The most recent fashion indicators continue to be depressing.
For years now, fashion designers have given women the choice between Barbie and dowdy. The fashion press -- which often seems to function as an unpaid claque for big-name in-groups in Paris and Milan -- applauds uncritically. And executives from American retail stores buy the hype with little thought about what their customers want or the shape they are in.
Few businesses are as out of touch with those who should be buying their wares as those who sell women's clothes.
In the words made famous in the fallout of the Clarence Thomas-Anita Hill hearings, they just don't get it.
Or, less likely, they are part of the reaction against women's progress lamented so vigorously by Susan Faludi in her new book, ''Backlash,'' and are trying to shove women out of egalitarian careers and back into second place. Witness the great effort to make women look like immature, sexy little girls.
Few American women lead lives for which they need what one Paris designer called his new ''strip-tease clothes,'' with skirts that can be whipped off to reveal ''sexy'' short-short shorts. Few lead lives that would make transparent pants appropriate. Or want a see-through blouse to go with a business suit. And any female construction worker who went to work wearing one of the new construction worker tops would get whistled off the job whatever the laws against sexual harassment.

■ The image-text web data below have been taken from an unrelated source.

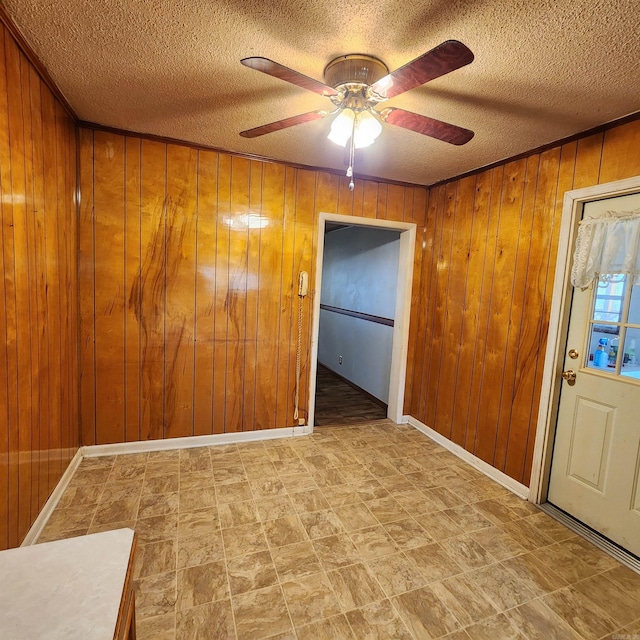 empty room featuring wooden walls, a textured ceiling, and ceiling fan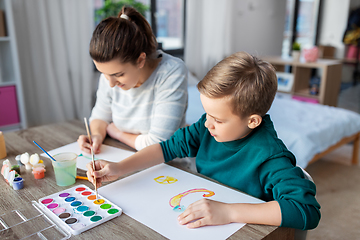 Image showing mother and son with colors drawing at home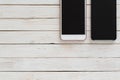 Black and white smartphones with dark screen on wood texture background Royalty Free Stock Photo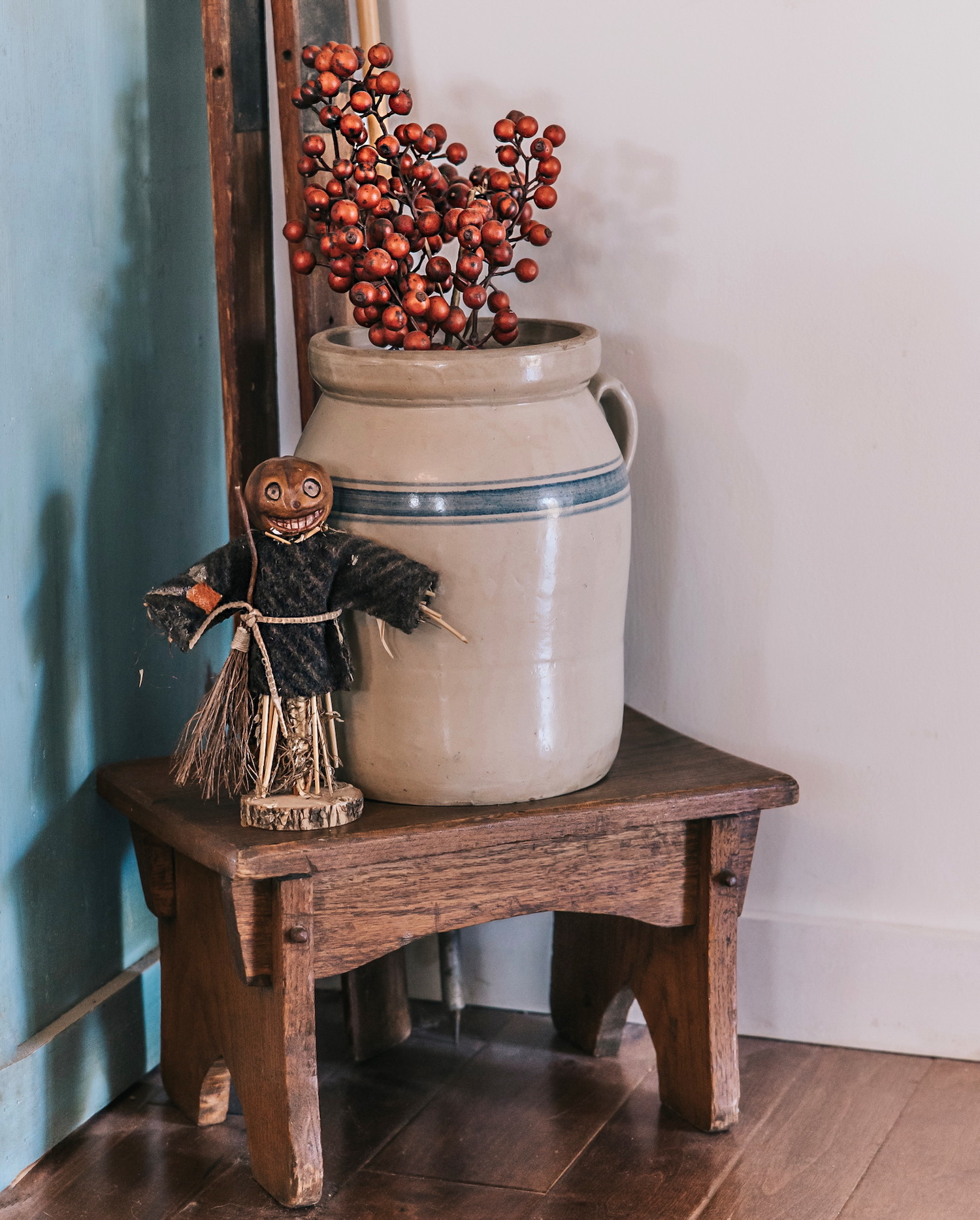 Decoración otoñal vintage con jarrón de cerámica beige conteniendo bayas rojas artificiales, junto a un pequeño espantapájaros decorativo sobre un banco rústico de madera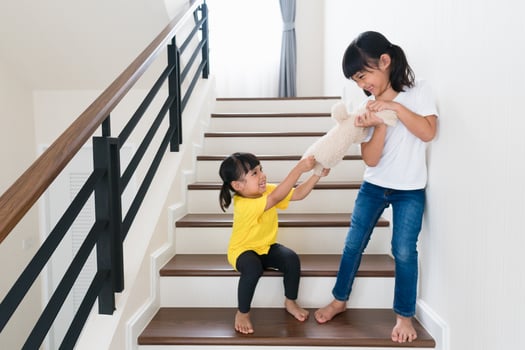 two little girl fighting over bear photo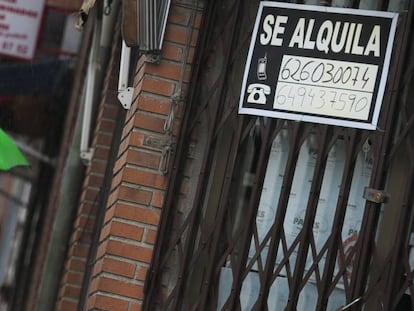 Una mujer camina por la calle frente a un cartel de alquiler de vivienda.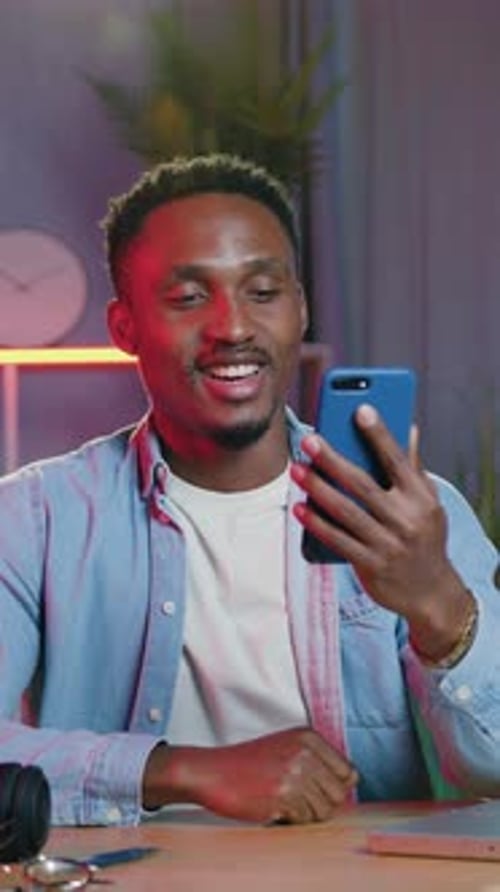 Man on Video Call Waving and Talking Indoors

Most women want their lingerie kept in its place, not substituting for a suit or dress, no matter what the look has done for Madonna. Most want their ruffles and crinolines in ''Scarlett,'' not accentuating their own hips. And most assume ''nudity'' is the look clothes are supposed to cover, not create.
Psychologists who study body imaging report that 85 percent of women are unhappy with at least one aspect of their appearance; in particular, they are dissatisfied with the way their thighs, hips and abdomen look.
A research sampling of college women showed that even among them, 33 percent had strong negative feelings about their thighs, 22 percent about their hips, 18 percent about their buttocks and 13 percent about their legs.
So why is the fashion industry insisting women wear clothes that call attention to the physical features they dislike most and would prefer to camouflage if they could?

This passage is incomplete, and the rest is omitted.